後藤騎手なぜ…前夜FBに笑顔の写真
JRAの後藤浩輝騎手=美浦・フリー=が27日朝、茨城県阿見町の自宅で死亡しているのが見つかった。40歳だった。首をつった状態で発見されており、自殺とみられる。同騎手は26日の午後8時12分に自身のフェイスブックを更新し、笑顔の写真をアップ。この週末も中山競馬場で騎乗する予定だった。現役トップジョッキーの謎の多い突然の死に、競馬界は驚きと深い悲しみに包まれた。なお、遺族の意向で葬儀は密葬で営まれる。
競馬界に衝撃が走った。後藤騎手が自宅脱衣所で、首をつった状態で見つかったのは27日午前8時ごろ。発見した妻でタレントの湯原麻利絵さんが119番通報し、救急隊員が駆け付けたが、既に息を引き取っていたという。牛久警察署の酒井吉孝副署長は「事件性はないと判断しています」と自殺とみていることを明かし、「遺書の有無に関しては話せません」と説明した。
後藤騎手は頻繁に自身のフェイスブックを更新し、ファンとの交流を図っていた。前夜の26日の午後8時12分にも更新し、栃木県・那須塩原のホテルに宿泊して宇都宮アキラの歌謡ショーを見たことを「ズン!ズンズン ズンドコ ア・キ・ラ~~ッ!!ってやってきました」と絵文字入りのコメントと、笑顔の写真で報告。この週末も中山競馬で計15鞍に騎乗を予定していただけに、まさに突然の出来事だった。
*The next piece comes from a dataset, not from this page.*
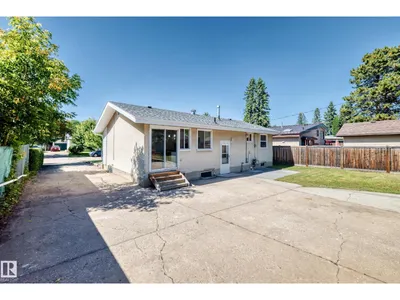3 GRANTHAM PL photo 54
関係者は訃報を驚くとともに、その原因らしい原因が思い当たらず、一様に困惑した様子を見せた。デビュー時に厩舎に所属し、師匠にあたる伊藤正徳調教師はまな弟子の自宅を訪れ、「先々週、一緒にご飯を食べたが、いつも通りで変わった様子はなかった」と首をかしげる。
近年は落馬による負傷が続いていた。12年5月6日のNHKマイルCで他馬の斜行の影響を受けて落馬。同年9月8日に復帰した初日にも落馬するなど、度重なる大けがに見舞われたが、それを乗り越えて14年11月24日の東京5Rで復帰Vを挙げた際には、G1レース並みの大歓声を浴び、「やっぱり最高ですね。(リハビリなどの)苦しみを一瞬で乗り越えられた」と笑顔を見せていた。先週21日の東京11Rでも落馬。何度も痛めていた頸椎を捻挫して心配されたが、翌日の京都競馬で騎乗して2勝を挙げた。
前夜に更新したフェイスブックには、2000件を超える悲痛なコメントが寄せられた。ファンに愛された現役トップジョッキーの突然の死-今週末は大きな喪失感のなか、競馬が開催される。
◆後藤 浩輝(ごとう・ひろき) 1974年3月19日、神奈川県出身。92年3月に美浦・伊藤正徳厩舎所属として騎手デビューし、94年福島記念(シルクグレイッシュ)で重賞を初制覇した。96年に単身渡米し半年間の武者修行。その成果で関東トップジョッキーとしての地位を築き、02年安田記念(アドマイヤコジーン)でG1初制覇を飾った。明るいキャラクターを生かしてタレントとしても幅広く活動していた。JRA通算成績は歴代16位、現役10位となる1447勝(うちG15勝を含む重賞53勝)。